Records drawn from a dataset
§
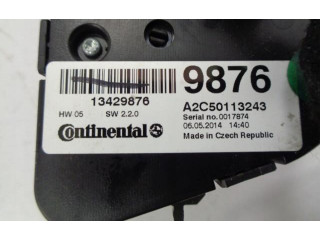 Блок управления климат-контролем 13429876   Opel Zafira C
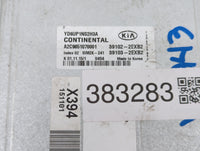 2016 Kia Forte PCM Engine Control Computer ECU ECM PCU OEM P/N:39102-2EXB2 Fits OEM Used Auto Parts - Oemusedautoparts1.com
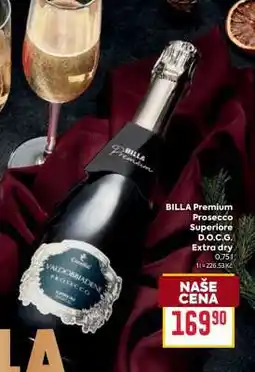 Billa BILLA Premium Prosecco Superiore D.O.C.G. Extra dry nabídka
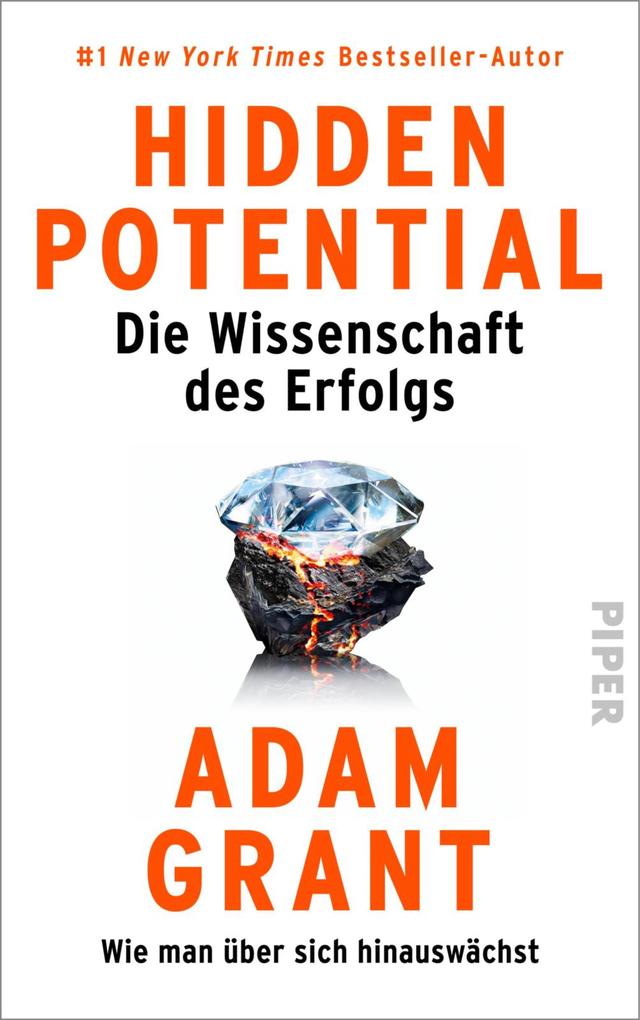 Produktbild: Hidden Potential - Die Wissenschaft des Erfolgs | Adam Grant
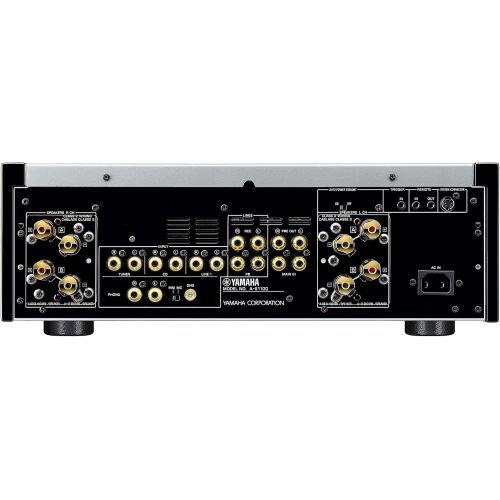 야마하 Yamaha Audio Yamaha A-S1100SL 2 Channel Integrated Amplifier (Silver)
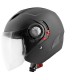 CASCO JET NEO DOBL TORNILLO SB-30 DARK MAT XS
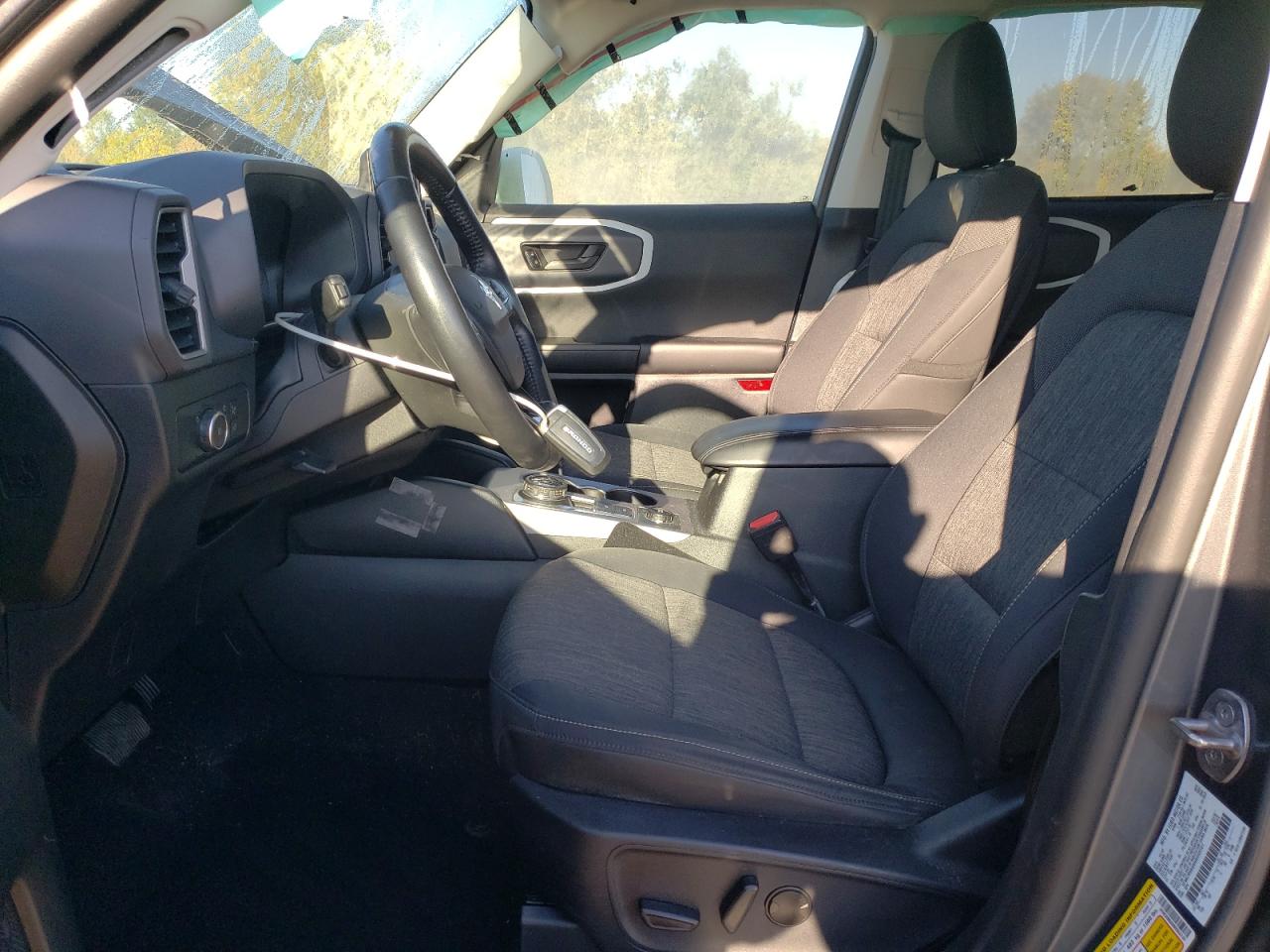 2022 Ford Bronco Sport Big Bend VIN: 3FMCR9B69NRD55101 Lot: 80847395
§
» Activity
Please give an exact copy of the lines from the line containing "Billa BILLA Premium" through the end of the records above, pictures excluded.

» Task response
 Billa BILLA Premium Prosecco Superiore D.O.C.G. Extra dry nabídka
 Produktbild: Hidden Potential - Die Wissenschaft des Erfolgs | Adam Grant
 야마하 Yamaha Audio Yamaha A-S1100SL 2 Channel Integrated Amplifier (Silver)
 CASCO JET NEO DOBL TORNILLO SB-30 DARK MAT XS
 2022 Ford Bronco Sport Big Bend VIN: 3FMCR9B69NRD55101 Lot: 80847395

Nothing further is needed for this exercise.